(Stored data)
↓↓↓

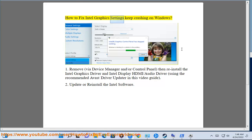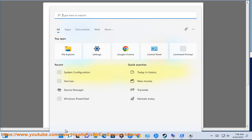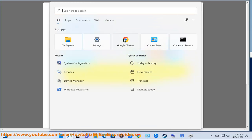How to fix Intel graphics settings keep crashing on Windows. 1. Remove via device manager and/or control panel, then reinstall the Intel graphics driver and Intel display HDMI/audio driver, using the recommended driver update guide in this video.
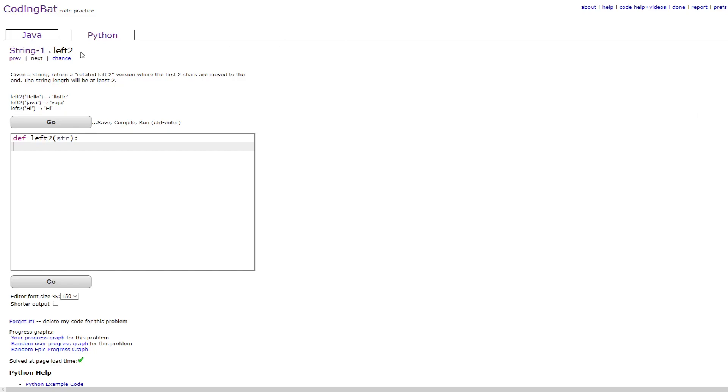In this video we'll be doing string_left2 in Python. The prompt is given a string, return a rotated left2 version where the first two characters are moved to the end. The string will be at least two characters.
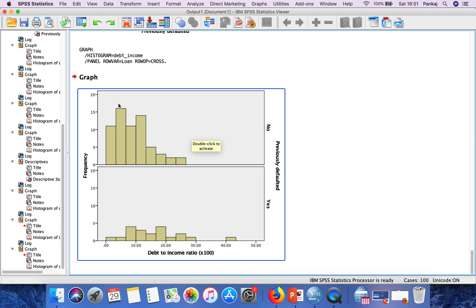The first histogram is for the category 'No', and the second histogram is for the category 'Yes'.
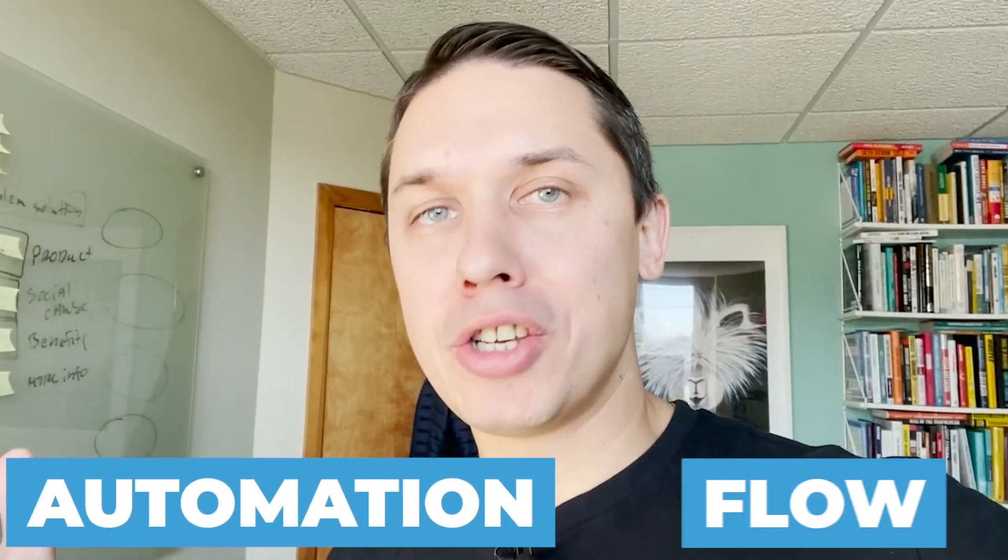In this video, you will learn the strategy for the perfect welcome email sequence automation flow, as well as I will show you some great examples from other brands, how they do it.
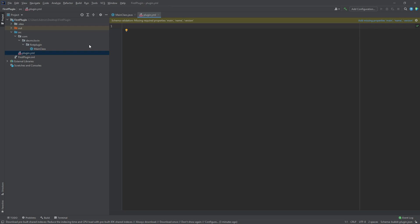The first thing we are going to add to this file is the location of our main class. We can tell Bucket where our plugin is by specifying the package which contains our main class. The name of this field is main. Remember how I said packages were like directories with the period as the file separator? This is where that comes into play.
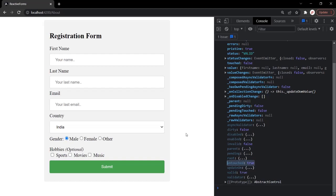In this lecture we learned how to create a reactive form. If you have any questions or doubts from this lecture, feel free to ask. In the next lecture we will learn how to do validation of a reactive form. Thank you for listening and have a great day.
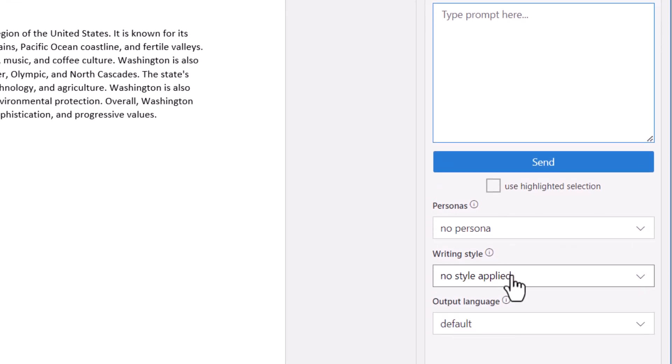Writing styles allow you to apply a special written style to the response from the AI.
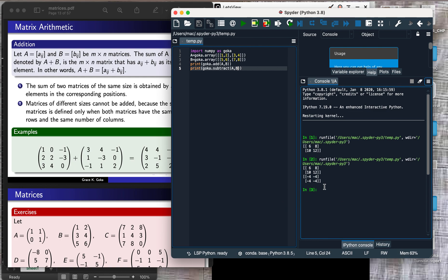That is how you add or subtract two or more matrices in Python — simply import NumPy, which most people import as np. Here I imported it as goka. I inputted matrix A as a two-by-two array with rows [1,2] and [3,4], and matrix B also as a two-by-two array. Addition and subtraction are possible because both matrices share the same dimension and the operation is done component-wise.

↑↑↑
↓↓↓

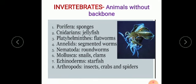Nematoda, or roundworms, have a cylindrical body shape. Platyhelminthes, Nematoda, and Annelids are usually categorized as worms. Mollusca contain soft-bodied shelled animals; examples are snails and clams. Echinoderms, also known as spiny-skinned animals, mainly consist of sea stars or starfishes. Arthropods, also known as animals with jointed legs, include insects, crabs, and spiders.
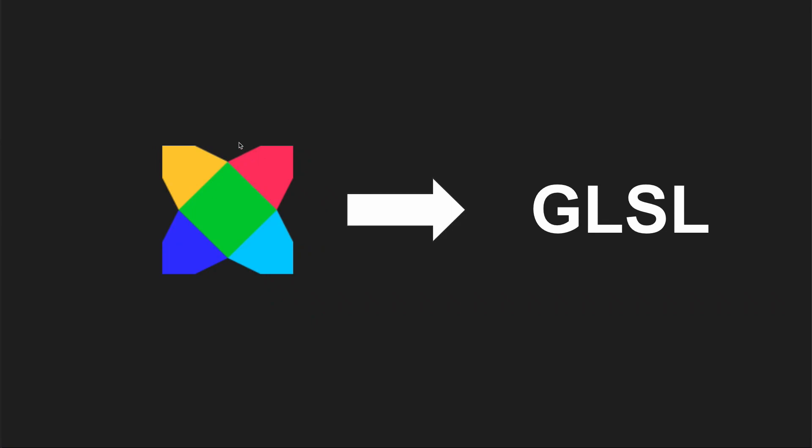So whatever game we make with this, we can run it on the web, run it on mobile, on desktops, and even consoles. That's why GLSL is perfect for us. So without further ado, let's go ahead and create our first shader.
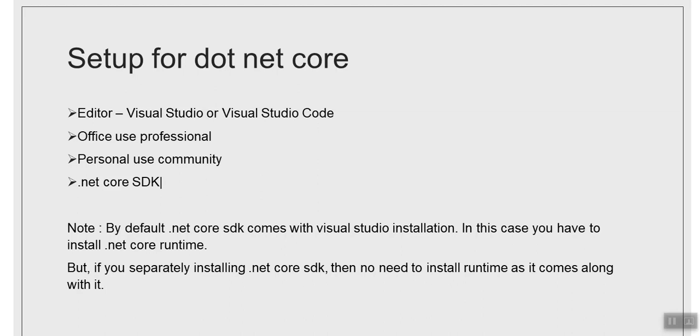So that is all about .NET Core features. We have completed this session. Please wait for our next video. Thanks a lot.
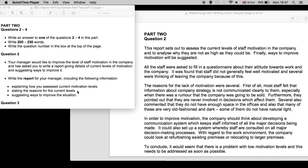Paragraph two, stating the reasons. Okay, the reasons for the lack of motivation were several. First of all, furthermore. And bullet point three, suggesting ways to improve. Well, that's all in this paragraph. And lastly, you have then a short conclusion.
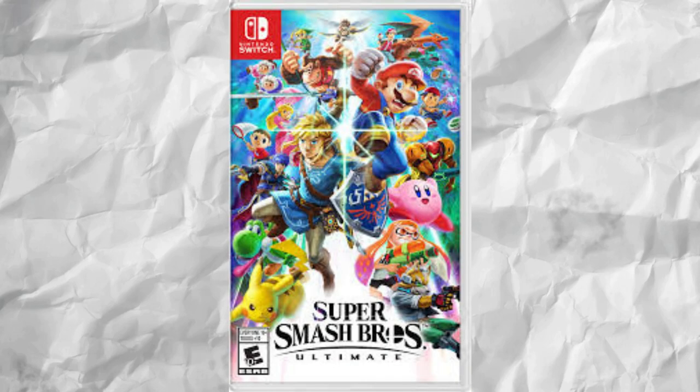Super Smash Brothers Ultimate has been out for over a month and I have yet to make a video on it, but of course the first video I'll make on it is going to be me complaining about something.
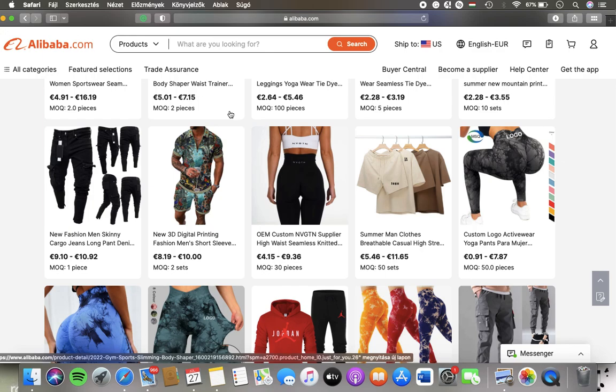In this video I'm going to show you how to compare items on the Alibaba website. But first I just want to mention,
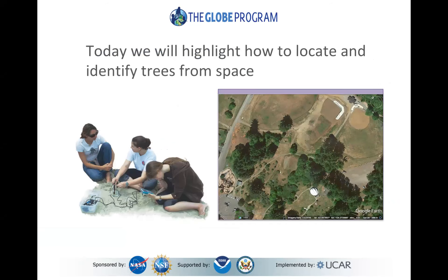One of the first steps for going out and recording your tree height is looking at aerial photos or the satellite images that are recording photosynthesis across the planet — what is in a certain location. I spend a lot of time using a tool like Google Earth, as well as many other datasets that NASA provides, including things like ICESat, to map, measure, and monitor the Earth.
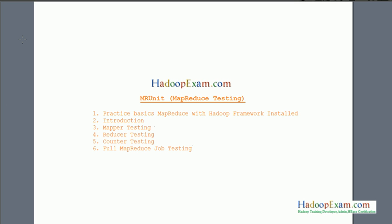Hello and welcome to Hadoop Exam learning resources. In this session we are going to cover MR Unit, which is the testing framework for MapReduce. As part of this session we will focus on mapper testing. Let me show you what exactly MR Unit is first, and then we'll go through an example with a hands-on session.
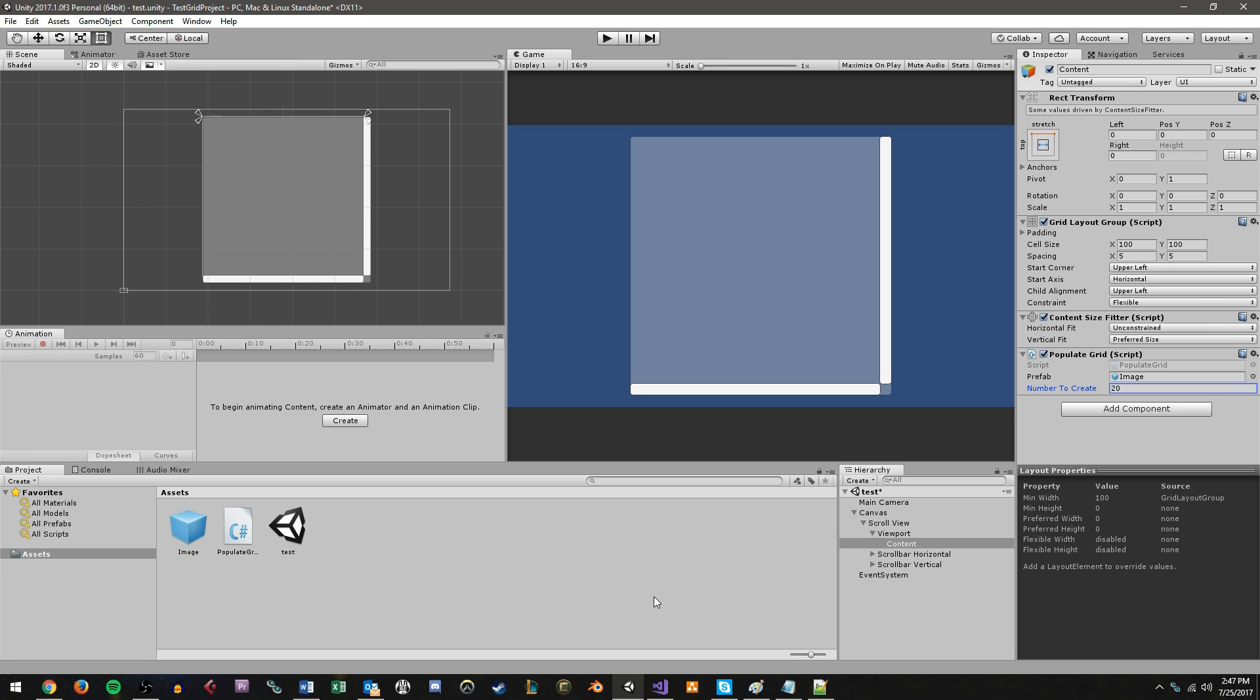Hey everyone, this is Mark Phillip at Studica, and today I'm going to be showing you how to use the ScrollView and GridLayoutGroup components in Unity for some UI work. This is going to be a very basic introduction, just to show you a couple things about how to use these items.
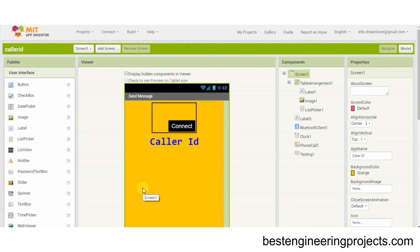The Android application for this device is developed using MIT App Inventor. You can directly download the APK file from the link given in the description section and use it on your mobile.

↑↑↑

▶ _INSTRUCTIONS TO FOLLOW_: Taking the entries above, extract every line from the one bearing "In this lecture" through the one bearing "That is how", exactly, with no pictures.

▶ _RESPONSE BELOW_:
In this lecture we learned how to create a reactive form. If you have any questions or doubts from this lecture, feel free to ask. In the next lecture we will learn how to do validation of a reactive form. Thank you for listening and have a great day.
Writing styles allow you to apply a special written style to the response from the AI.
That is how you add or subtract two or more matrices in Python — simply import NumPy, which most people import as np. Here I imported it as goka. I inputted matrix A as a two-by-two array with rows [1,2] and [3,4], and matrix B also as a two-by-two array. Addition and subtraction are possible because both matrices share the same dimension and the operation is done component-wise.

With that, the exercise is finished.